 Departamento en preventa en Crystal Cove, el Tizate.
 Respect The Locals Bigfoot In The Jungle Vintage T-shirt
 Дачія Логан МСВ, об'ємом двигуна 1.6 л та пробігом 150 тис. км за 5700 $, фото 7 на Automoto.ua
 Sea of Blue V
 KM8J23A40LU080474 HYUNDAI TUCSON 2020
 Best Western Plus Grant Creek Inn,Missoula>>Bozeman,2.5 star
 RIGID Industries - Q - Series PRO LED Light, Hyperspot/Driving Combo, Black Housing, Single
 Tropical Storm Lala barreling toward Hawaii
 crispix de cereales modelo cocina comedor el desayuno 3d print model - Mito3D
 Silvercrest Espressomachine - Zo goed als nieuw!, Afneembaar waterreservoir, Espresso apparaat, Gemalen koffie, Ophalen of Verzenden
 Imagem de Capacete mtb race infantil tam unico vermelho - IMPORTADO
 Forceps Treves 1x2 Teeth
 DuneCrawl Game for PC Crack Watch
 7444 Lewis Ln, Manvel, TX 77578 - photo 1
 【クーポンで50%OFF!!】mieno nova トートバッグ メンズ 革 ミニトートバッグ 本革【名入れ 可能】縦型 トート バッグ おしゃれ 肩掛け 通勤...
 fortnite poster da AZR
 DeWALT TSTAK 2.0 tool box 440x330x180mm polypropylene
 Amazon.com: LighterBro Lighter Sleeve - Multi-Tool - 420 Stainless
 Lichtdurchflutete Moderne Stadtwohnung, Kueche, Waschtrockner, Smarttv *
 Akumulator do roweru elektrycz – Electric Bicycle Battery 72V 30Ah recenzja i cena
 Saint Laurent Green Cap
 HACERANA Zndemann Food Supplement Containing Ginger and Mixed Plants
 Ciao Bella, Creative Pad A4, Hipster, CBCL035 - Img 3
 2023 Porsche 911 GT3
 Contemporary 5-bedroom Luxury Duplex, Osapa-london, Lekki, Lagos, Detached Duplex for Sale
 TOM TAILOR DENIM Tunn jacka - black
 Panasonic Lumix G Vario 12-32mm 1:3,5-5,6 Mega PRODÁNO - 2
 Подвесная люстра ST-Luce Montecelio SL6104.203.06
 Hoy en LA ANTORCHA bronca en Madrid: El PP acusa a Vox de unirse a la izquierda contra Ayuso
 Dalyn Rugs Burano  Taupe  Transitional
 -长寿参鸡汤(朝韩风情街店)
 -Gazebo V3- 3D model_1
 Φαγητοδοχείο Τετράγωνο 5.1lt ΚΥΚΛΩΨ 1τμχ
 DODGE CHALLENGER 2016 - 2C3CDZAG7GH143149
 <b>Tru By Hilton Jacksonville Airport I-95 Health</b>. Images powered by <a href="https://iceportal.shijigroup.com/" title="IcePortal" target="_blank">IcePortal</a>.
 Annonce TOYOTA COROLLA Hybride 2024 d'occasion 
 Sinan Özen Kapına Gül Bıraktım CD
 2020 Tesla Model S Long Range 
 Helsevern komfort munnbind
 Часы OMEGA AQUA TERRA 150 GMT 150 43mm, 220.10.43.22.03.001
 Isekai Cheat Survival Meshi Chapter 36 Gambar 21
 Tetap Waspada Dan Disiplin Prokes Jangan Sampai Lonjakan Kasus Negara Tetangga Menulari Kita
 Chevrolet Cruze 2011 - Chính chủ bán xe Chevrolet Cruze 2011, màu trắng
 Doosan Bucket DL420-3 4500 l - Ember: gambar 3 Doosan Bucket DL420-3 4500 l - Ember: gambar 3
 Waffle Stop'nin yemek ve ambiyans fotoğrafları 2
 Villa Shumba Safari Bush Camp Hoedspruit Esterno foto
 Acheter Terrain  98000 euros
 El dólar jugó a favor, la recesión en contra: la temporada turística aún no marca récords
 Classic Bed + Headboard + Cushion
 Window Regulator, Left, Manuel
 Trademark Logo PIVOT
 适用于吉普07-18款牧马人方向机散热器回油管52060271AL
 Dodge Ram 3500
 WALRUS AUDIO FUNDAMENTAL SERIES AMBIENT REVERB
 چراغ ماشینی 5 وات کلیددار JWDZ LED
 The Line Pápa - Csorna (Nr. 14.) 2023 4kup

+++

#### Exercise goal
Search the data for the string "contra" and copy out every line where it is found.

#### Solved exercise
 Hoy en LA ANTORCHA bronca en Madrid: El PP acusa a Vox de unirse a la izquierda contra Ayuso
 El dólar jugó a favor, la recesión en contra: la temporada turística aún no marca récords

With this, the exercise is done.